Not only that, but C-SPAN cameras caught Heitkamp high-fiving Senate minority leader Chuck Schumer (D., N.Y.) on the Senate floor just after the vote. PolitiFact assessed the moment as being “more of an awkward greeting than a crude celebration,” but to many constituents, it appeared tone-deaf and even offensive.

After that vote, Cramer says, his office was inundated with calls from North Dakotans — both his political allies and his constituents — demanding that he jump in to challenge Heitkamp. Coupled with the president’s encouragement, it was enough to change his mind. On February 15, Cramer entered the race, immediately making it the most-discussed Senate contest of the midterm cycle, and rightly so.

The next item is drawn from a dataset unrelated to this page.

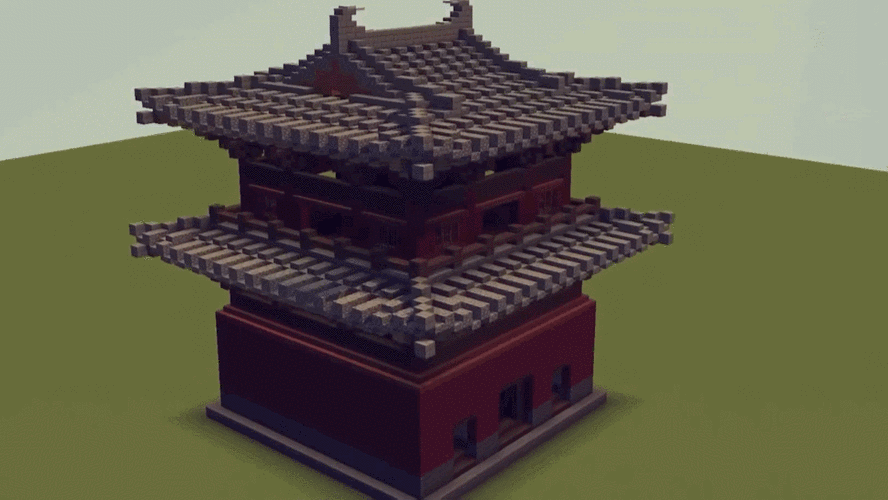 我的世界20x20唐风建筑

North Dakota is one of a handful of states with a small enough population to have just one member in the House. As a result, Cramer has already represented the entire state in Congress since 2012, the year that both he and Heitkamp were first elected (she in a close contest against Republican Rick Berg). In that election, Cramer received 12,000 more votes than she did.

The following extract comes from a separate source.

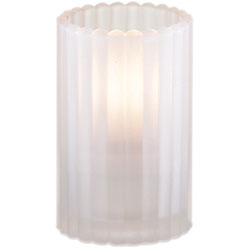 Sterno Paragon Flameless Candle Holder, Frost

Unlike Heitkamp, though, Cramer has already run for reelection twice — and in his most recent contest he won by over 45 percentage points. His entry into the race has changed its entire tenor, and it’s now considered by many strategists and pundits to be the GOP’s best shot at picking up a Senate seat in November.

Cramer is well-known (and well-regarded) for his willingness to take angry or challenging questions from constituents during town halls and radio interviews. “One of the questions I get most frequently these days is, ‘Do you promise you’ll continue doing this as a senator?’” Cramer tells me in a phone interview. “And you know, near as I can tell, I’ll have twice as much time in the Senate to keep doing this!” he adds with a laugh.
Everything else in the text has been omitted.